* _Exercise_: Print every entry word for word, but omit the pictures.

(Web page caption snippets)
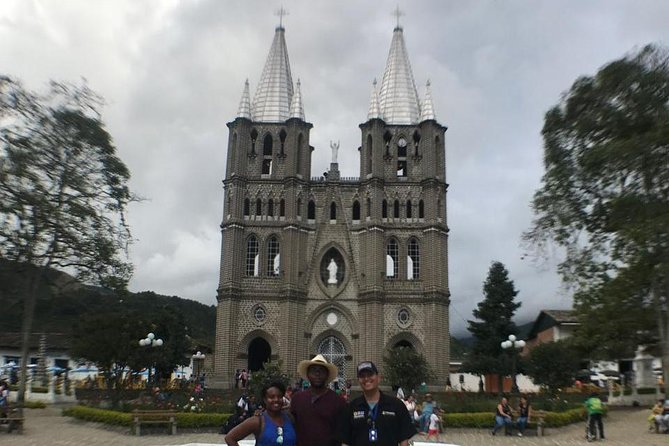 Jardin Private Day Trip: Colombian Coffee Tour from Medellin - What the private bilingual guide adds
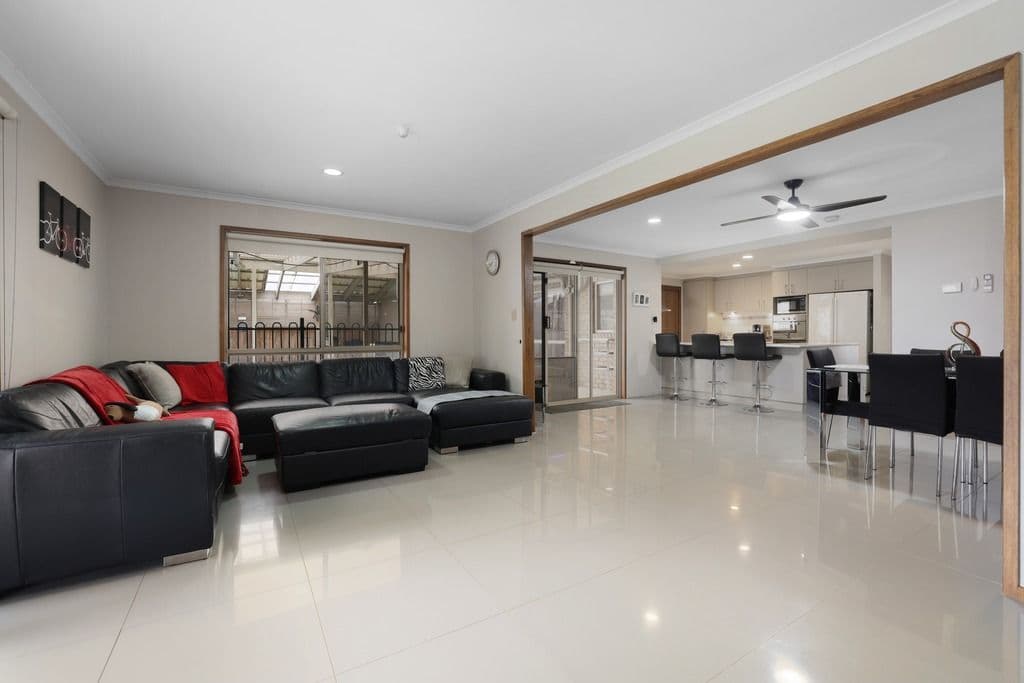 72 Sycamore Street, Hoppers Crossing VIC 3029, Hoppers Crossing - Thumbnail 2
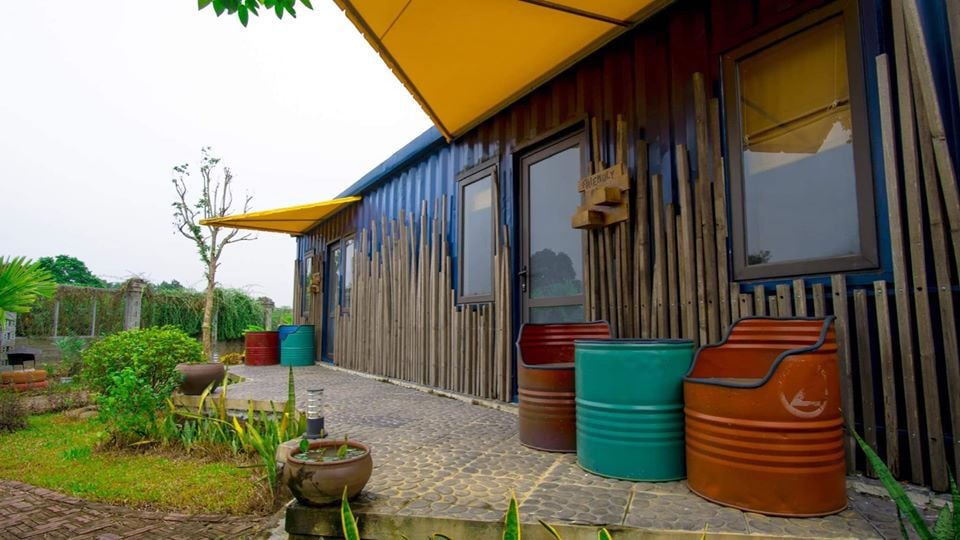 review Colorful House xưởng containers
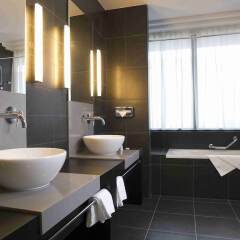 Отель Ramada Brussels Woluwe Брюссель ванная фото 2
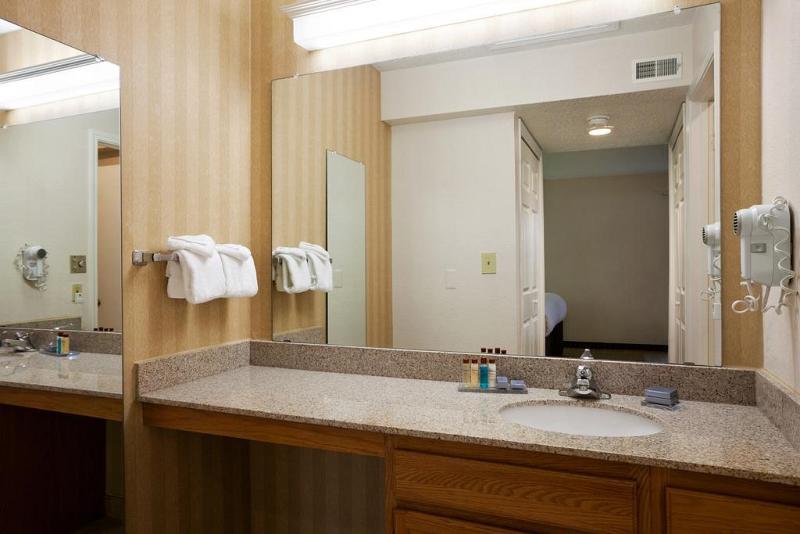 ホーソーン スイーツ バイ ウィンダム トロイ ミシガン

* _The completed task_:
 Jardin Private Day Trip: Colombian Coffee Tour from Medellin - What the private bilingual guide adds
 72 Sycamore Street, Hoppers Crossing VIC 3029, Hoppers Crossing - Thumbnail 2
 review Colorful House xưởng containers
 Отель Ramada Brussels Woluwe Брюссель ванная фото 2
 ホーソーン スイーツ バイ ウィンダム トロイ ミシガン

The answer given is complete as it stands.